*** Opening of COLLECTED DATA ***

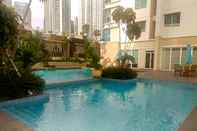 Kolam Renang 2BR Springhill Terrace Residences By Travelio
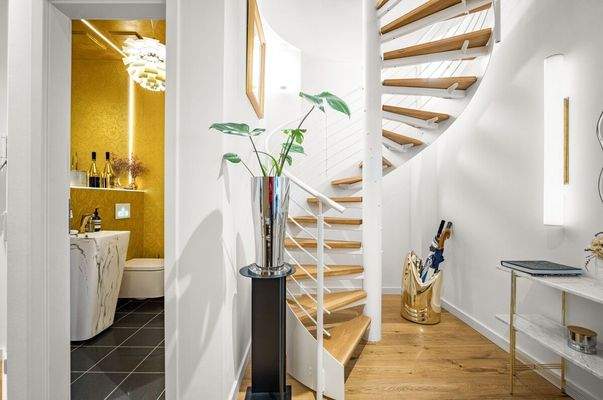 Wendeltreppe in das Studio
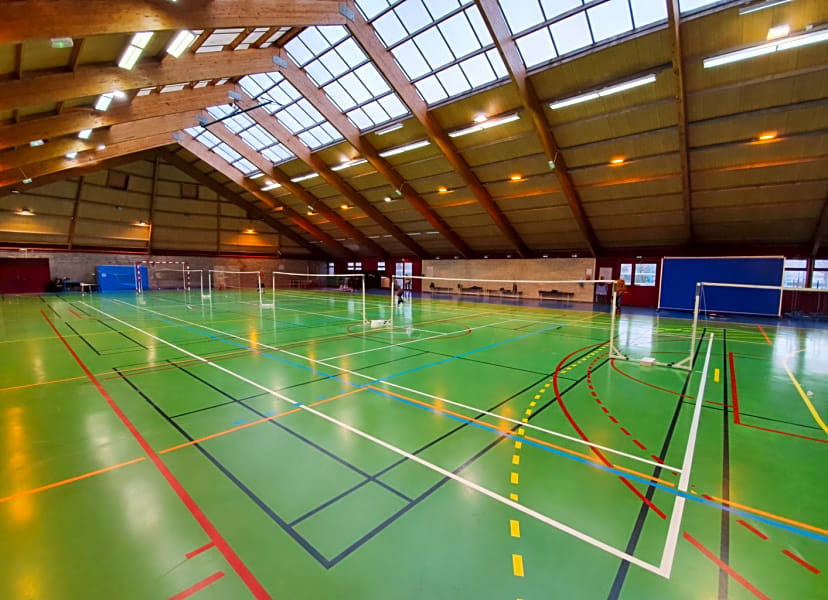 O.S.M.L Badminton - Photo 1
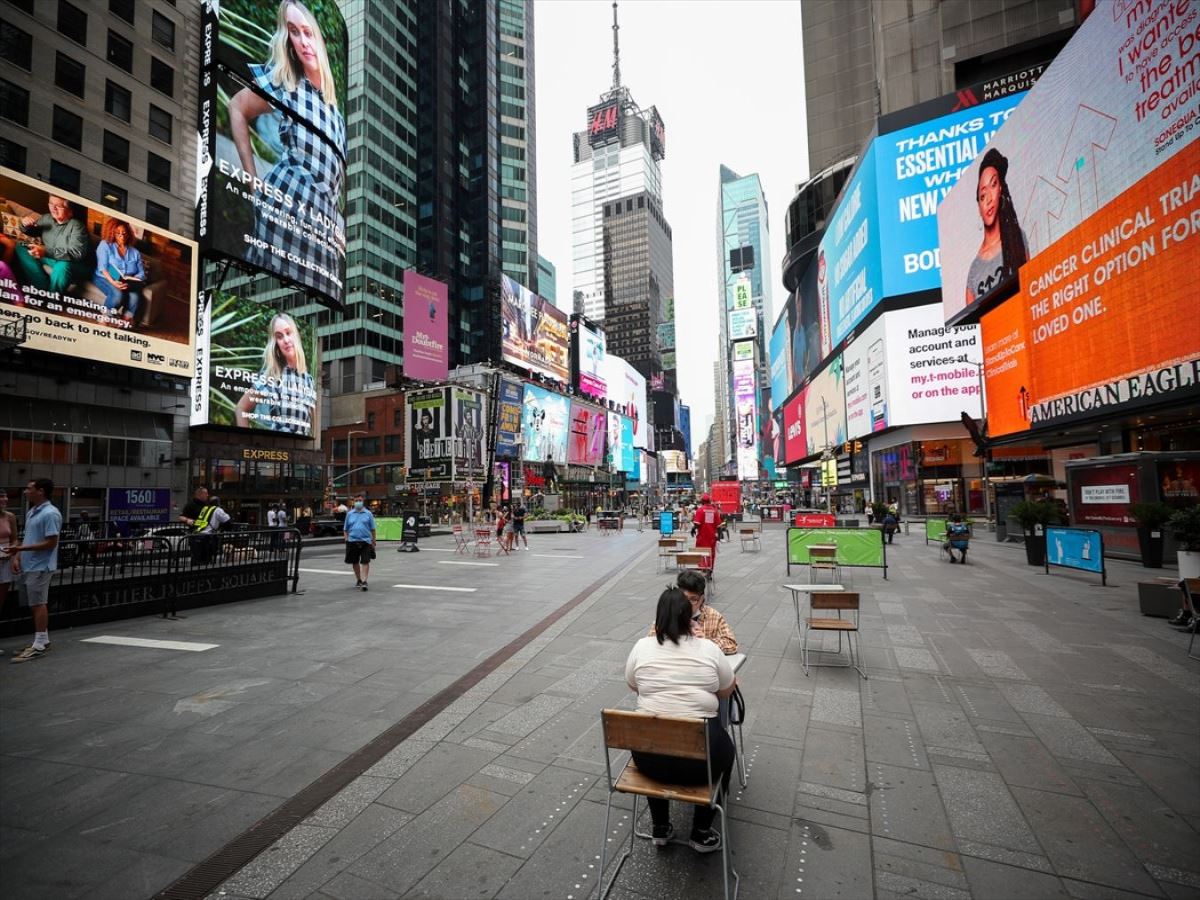 New York'un ünlü Times Meydanı Covid-19 nedeniyle sesiz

*** Close of COLLECTED DATA ***

• _TASK ITEM_
Copy each line above precisely, dropping the pictures.

• _EXERCISE ANSWER_
 Kolam Renang 2BR Springhill Terrace Residences By Travelio
 Wendeltreppe in das Studio
 O.S.M.L Badminton - Photo 1
 New York'un ünlü Times Meydanı Covid-19 nedeniyle sesiz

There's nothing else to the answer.